Too many chord changes to practice? Focus on those ones!
View the full lesson at Best Chord Changes To Work On | JustinGuitar
Too many chord changes to practice? Focus on those ones!
View the full lesson at Best Chord Changes To Work On | JustinGuitar
This helped me start thinking about more effective practice routines instead of just practicing all the chords and my timing over and over, great lesson Justin
To my mind the #1 chord changes to work on are the G-C-F trinity. C to F, G to F, G to C, etc.
@jsmacdonald
Welcome to the community Jeff.
If your going to work on 3 chord changes together I’d suggest
common 1 4 5 progressions
C F G, G C D, A D E, D G A, Am, Dm, Em,
In learn more, in the list of chord changes. for example A ,C. Does that mean i only have to practice A to C or do i have to practice both A to C AND C to A
Hello @Wannabecoolguy welcome to the Community.
If you change from A to C, to keep that going you are going to change back from C to A.
It is cyclical practice.
Cheers
| Richard_close2u | JustinGuitar Official Guide & Moderator
Just a little heads up, it says Beginner Song “Agg” instead of app under the Optimize Your Time section.
MOD NOTE
@Forsythe
Fixed now. Thanks for the heads up.
Cheers
| Richard_close2u | JustinGuitar Official Guide
Great exercise! Chord changes are commutative (A <-> C is the same as C <-> A), so there are only 28 possible ones for the 8 chords I think- the three missing from the list are
A<->Am, D<->Dm, E<->Em
Thanks for the video!
Minor note: I think there 28 possible chord changes, not 56.
and yep as a math/engineery type so I definitely get the urge to get all to 60 :), but I should stop shying away from the songs
@perha Welcome to the Community, Paro.
That is wise. And when targeting changes for practice it is good to focus on those changes that are common in songs, such as changes between A, D, and E, plus G, Am, C, D, and Em. There’s a good reason why those chords are used together in songs that you’ll understand later, not important now.

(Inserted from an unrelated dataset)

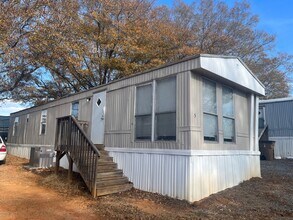 Building Photo - 109 Embert Ln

I definitely like taking the “as-needed” approach to these changes. I never tried to “catch em all”.
If you’re trying to play a song and some of the changes are not fast enough, put 'em in your routine. Once you’re consistently pinging >60 changes per minute in a OMC, switch it to PFC. Once it’s consistently good in whatever songs you’re trying to play, drop it from the routine. Rinse repeat.
With respect to how many 2 chord combinations there are out of the 8 basic ones, the formula is 8 choose two sometimes written as 2C8. Which comes out to 8!/(8-2)!/2!. This comes out to 28 different combinations. It’s funny I just calculated this today then I saw Justin mention it on the lesson I was watching today.